Reproduce exactly, and solely, the lines running from the top of the data below through the line with "Ford Escort VI", both inclusive. Omit pictures.

Excerpted records Start Marker

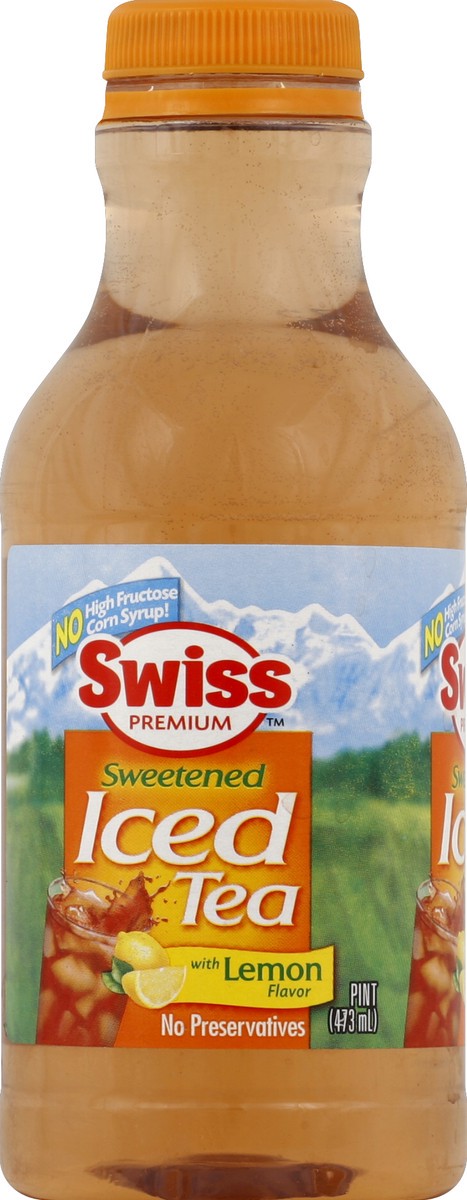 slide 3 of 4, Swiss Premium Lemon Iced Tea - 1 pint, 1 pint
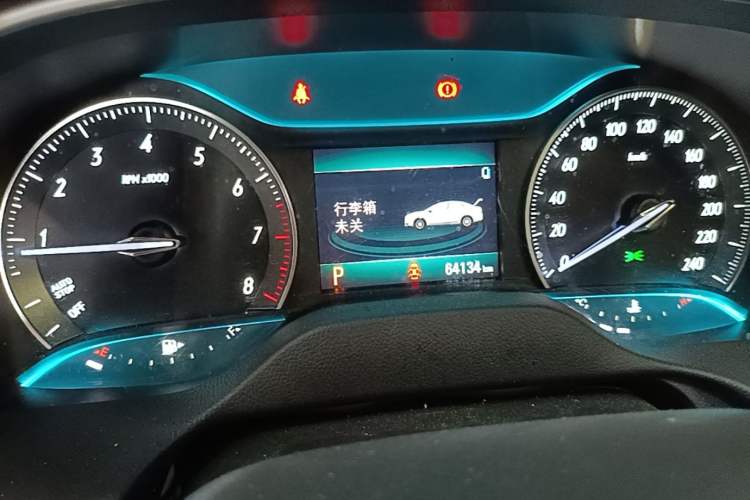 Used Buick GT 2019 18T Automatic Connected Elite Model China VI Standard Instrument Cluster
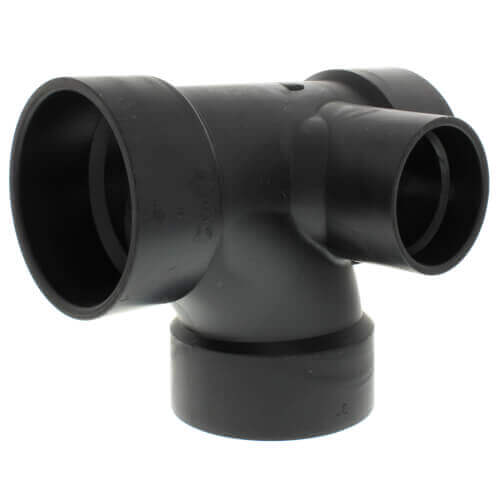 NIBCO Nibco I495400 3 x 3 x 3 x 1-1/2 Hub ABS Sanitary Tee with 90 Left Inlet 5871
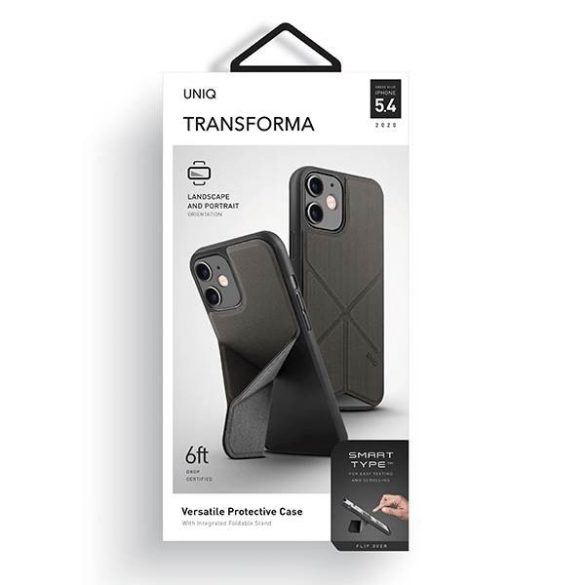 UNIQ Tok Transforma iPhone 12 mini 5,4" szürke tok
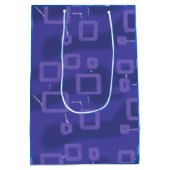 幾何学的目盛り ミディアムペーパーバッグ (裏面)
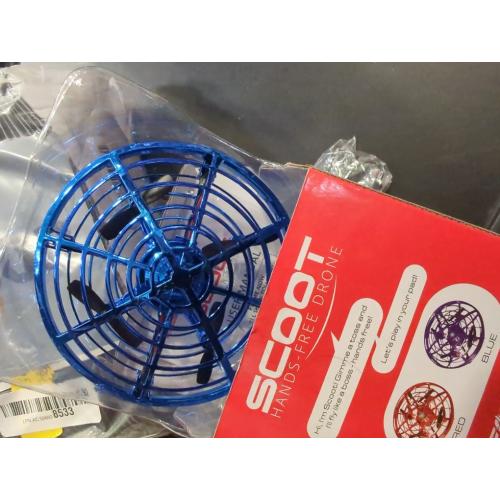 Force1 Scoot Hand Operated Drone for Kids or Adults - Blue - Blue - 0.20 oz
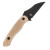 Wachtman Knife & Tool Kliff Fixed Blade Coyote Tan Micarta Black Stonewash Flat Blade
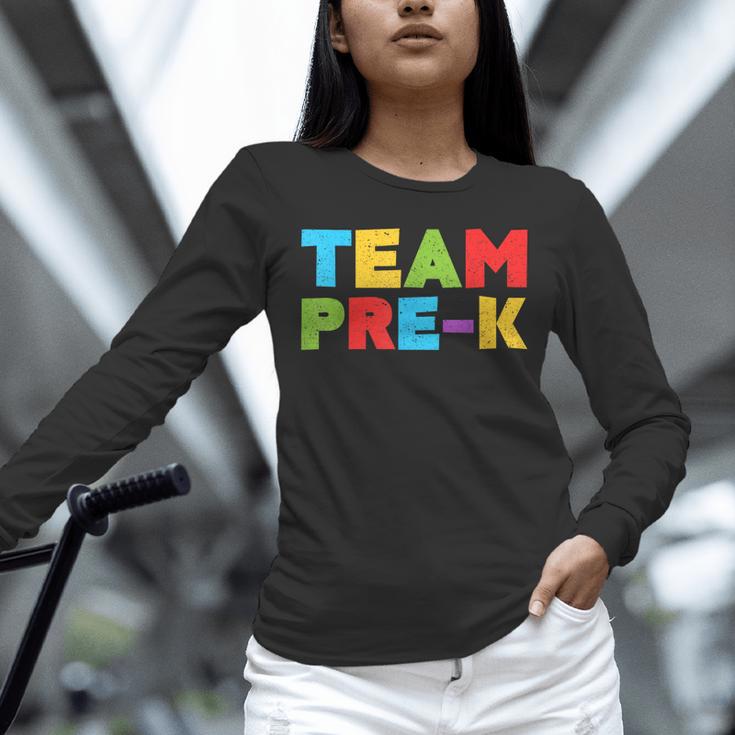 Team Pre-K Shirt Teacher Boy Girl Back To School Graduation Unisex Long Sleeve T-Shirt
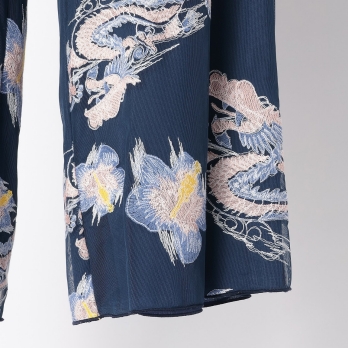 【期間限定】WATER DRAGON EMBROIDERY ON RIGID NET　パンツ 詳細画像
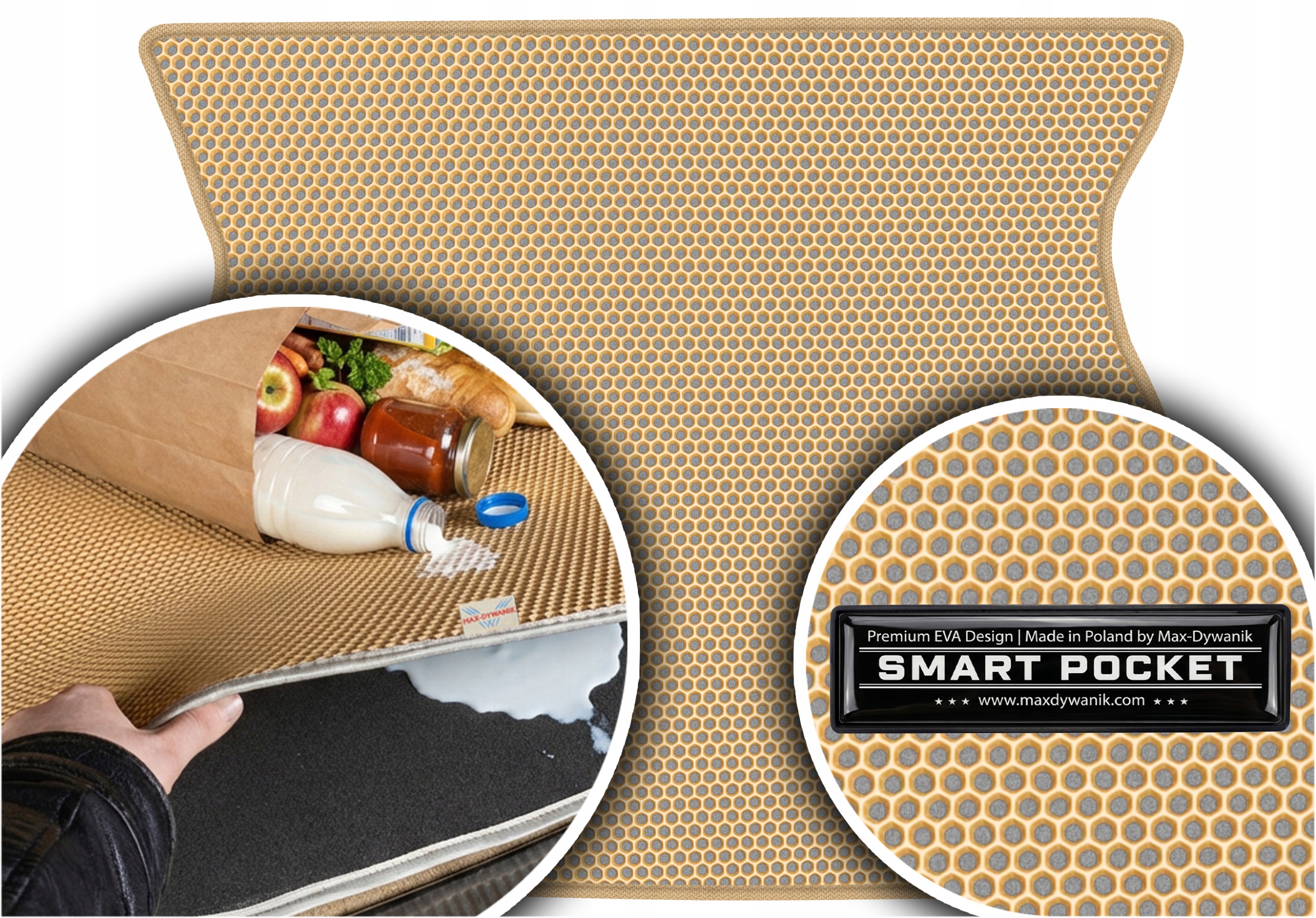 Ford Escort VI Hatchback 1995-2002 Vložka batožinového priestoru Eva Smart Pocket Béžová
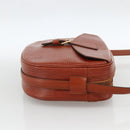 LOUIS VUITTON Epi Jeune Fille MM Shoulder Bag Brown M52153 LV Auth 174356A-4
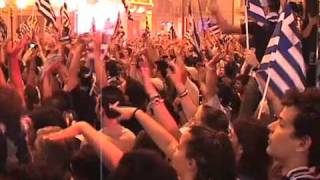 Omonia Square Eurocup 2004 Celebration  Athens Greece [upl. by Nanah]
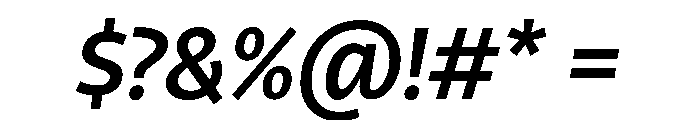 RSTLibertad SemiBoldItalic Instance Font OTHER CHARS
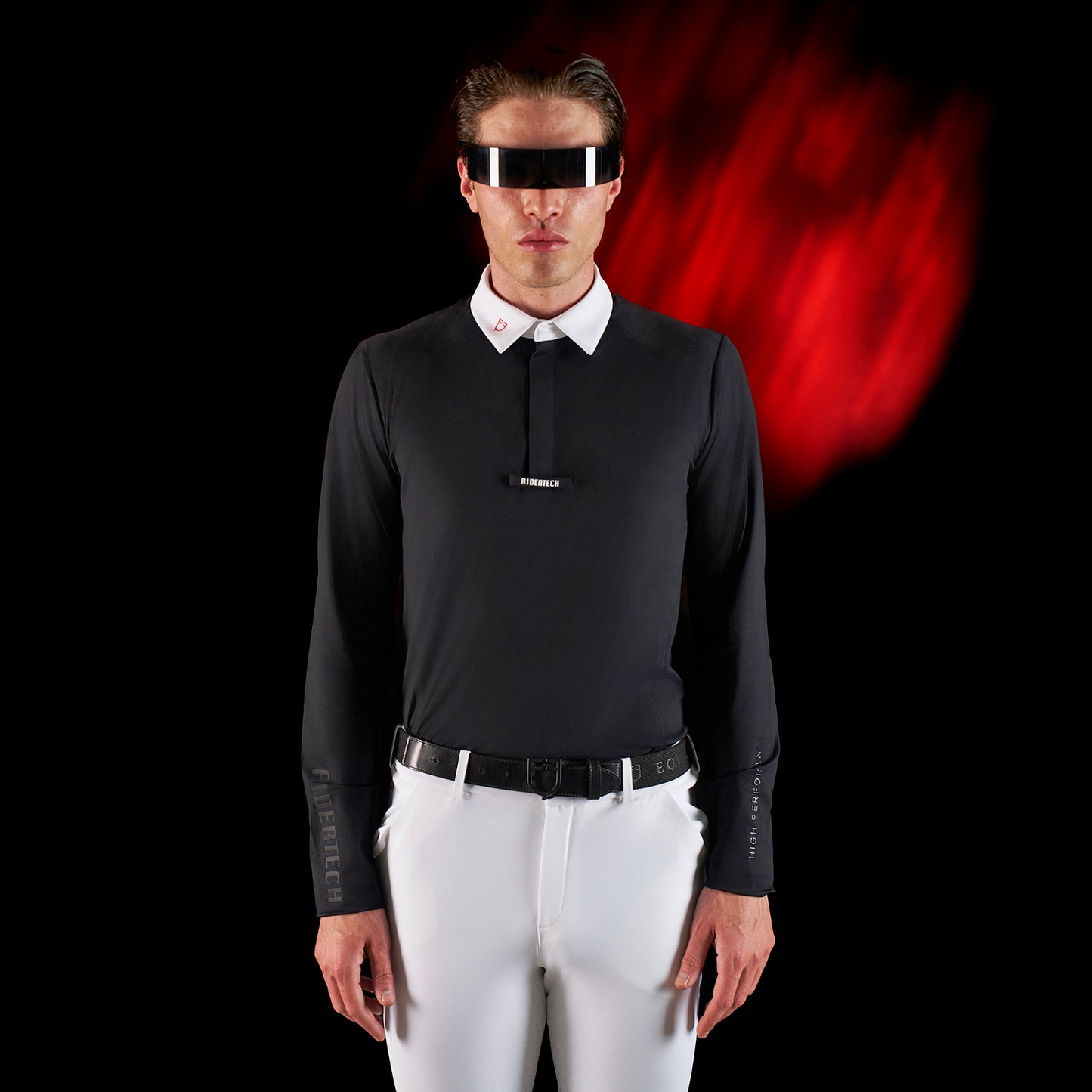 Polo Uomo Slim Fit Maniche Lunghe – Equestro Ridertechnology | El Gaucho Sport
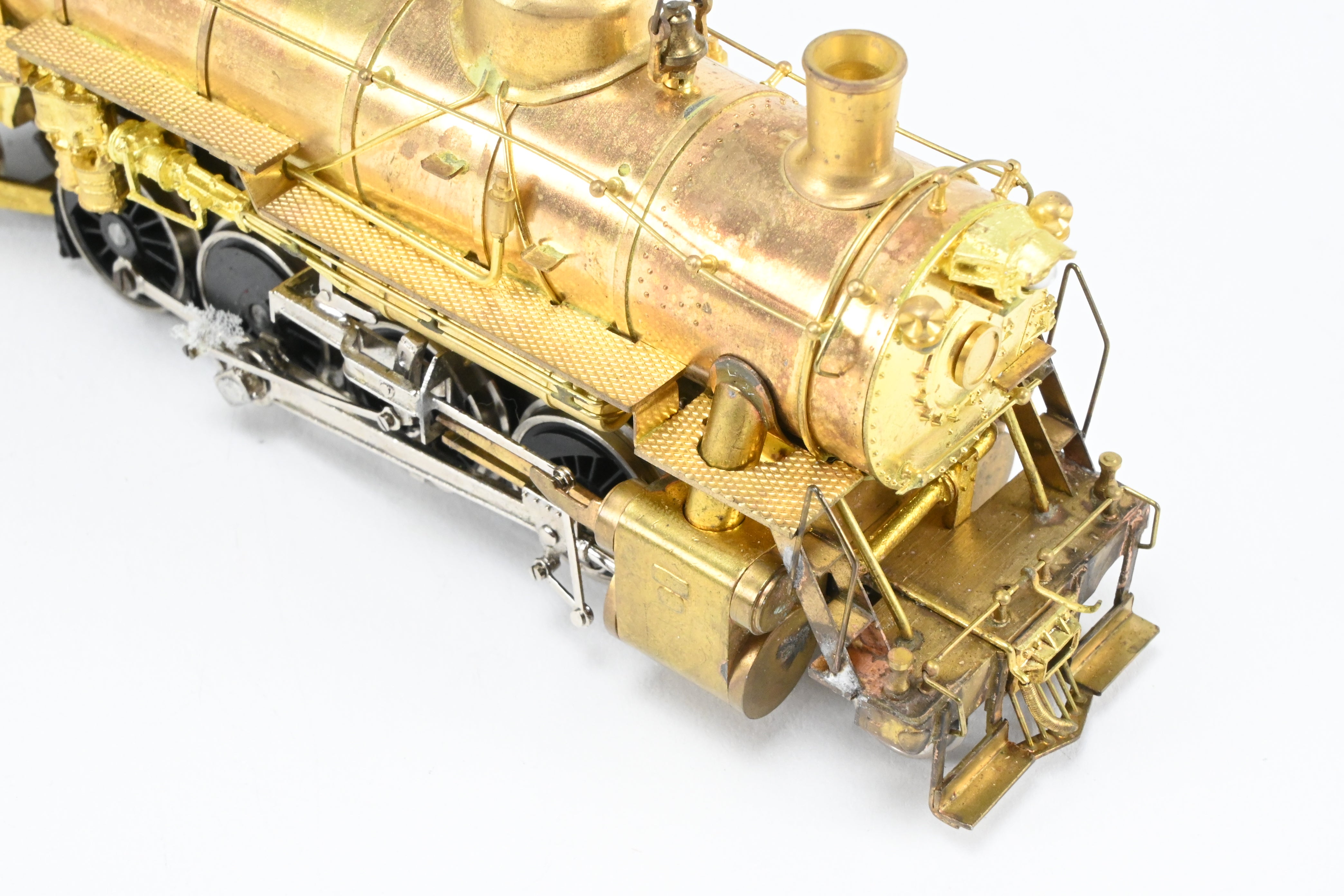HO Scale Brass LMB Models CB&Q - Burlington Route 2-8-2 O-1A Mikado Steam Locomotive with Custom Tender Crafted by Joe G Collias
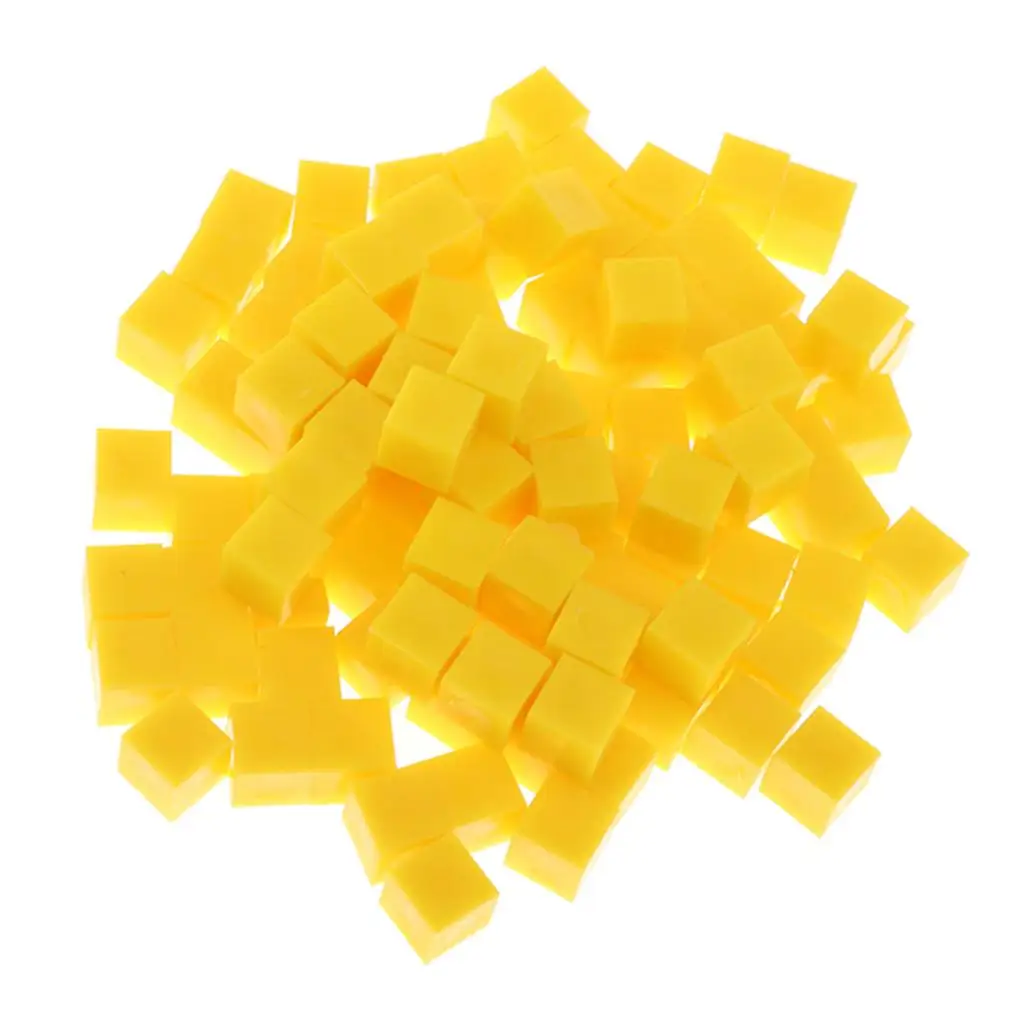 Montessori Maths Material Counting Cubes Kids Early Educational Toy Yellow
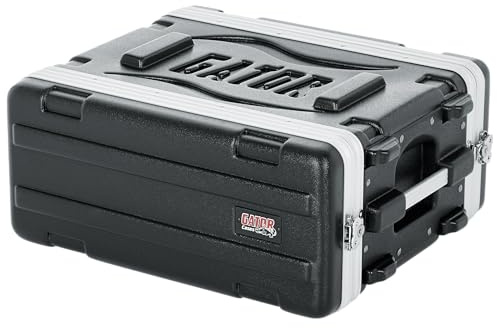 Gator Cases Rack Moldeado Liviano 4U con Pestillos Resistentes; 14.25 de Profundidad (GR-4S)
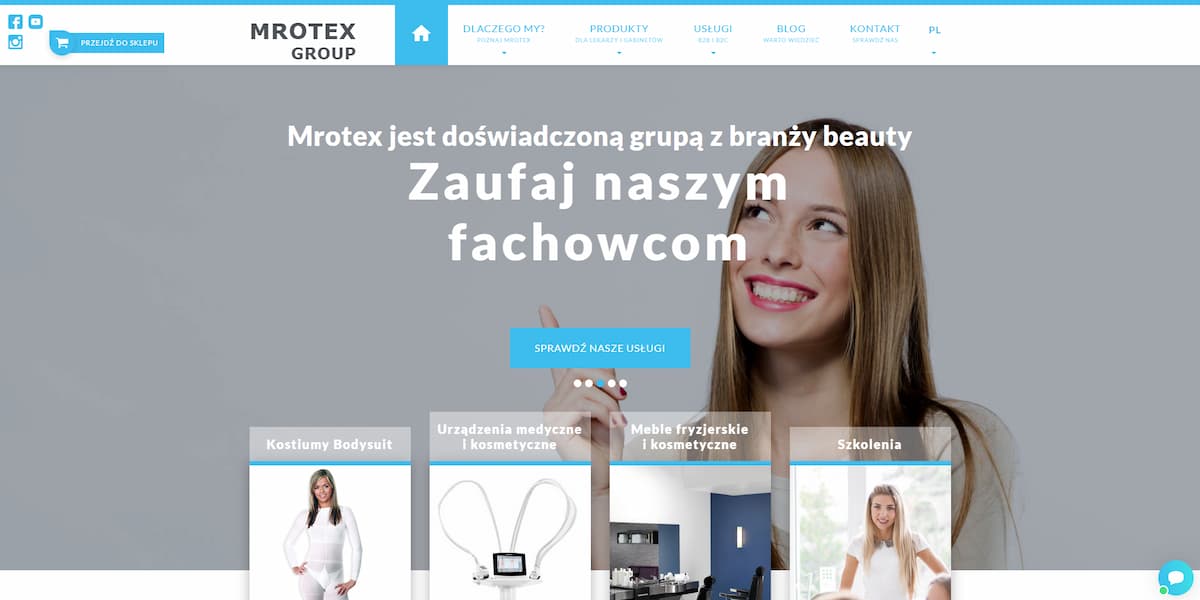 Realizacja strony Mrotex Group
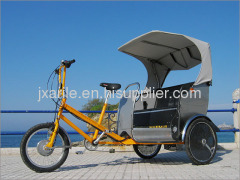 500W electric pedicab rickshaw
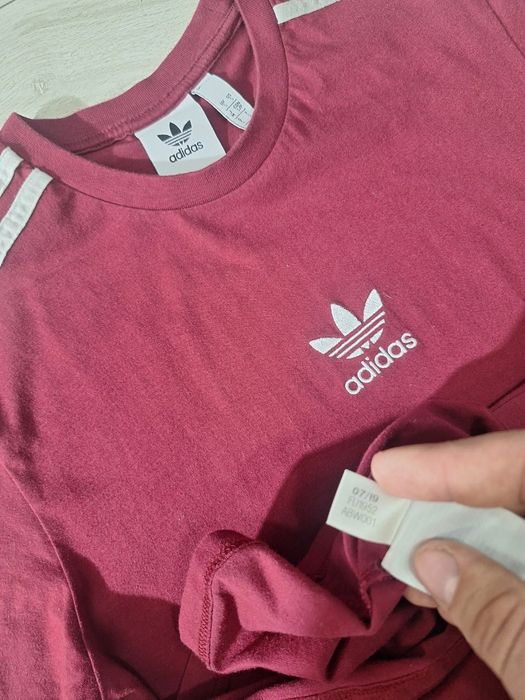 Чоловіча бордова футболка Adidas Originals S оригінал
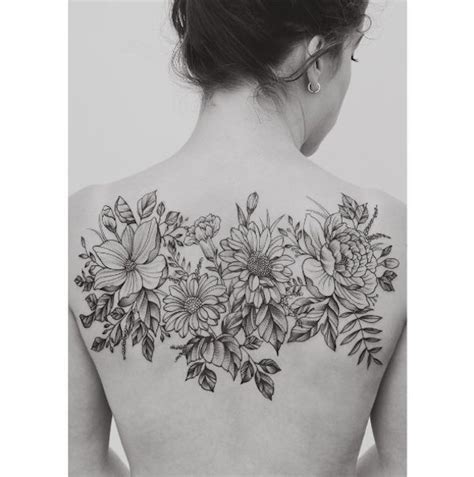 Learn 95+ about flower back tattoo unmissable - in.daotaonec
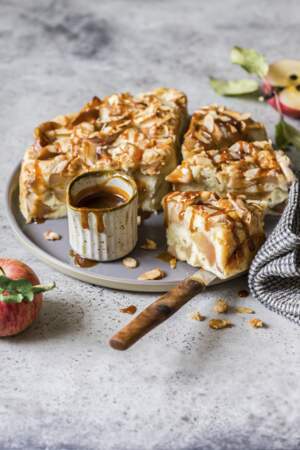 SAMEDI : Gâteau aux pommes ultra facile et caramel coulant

Excerpted records End Marker

**Written reply**
 slide 3 of 4, Swiss Premium Lemon Iced Tea - 1 pint, 1 pint
 Used Buick GT 2019 18T Automatic Connected Elite Model China VI Standard Instrument Cluster
 NIBCO Nibco I495400 3 x 3 x 3 x 1-1/2 Hub ABS Sanitary Tee with 90 Left Inlet 5871
 UNIQ Tok Transforma iPhone 12 mini 5,4" szürke tok
 幾何学的目盛り ミディアムペーパーバッグ (裏面)
 Force1 Scoot Hand Operated Drone for Kids or Adults - Blue - Blue - 0.20 oz
 Wachtman Knife & Tool Kliff Fixed Blade Coyote Tan Micarta Black Stonewash Flat Blade
 Team Pre-K Shirt Teacher Boy Girl Back To School Graduation Unisex Long Sleeve T-Shirt
 【期間限定】WATER DRAGON EMBROIDERY ON RIGID NET　パンツ 詳細画像
 Ford Escort VI Hatchback 1995-2002 Vložka batožinového priestoru Eva Smart Pocket Béžová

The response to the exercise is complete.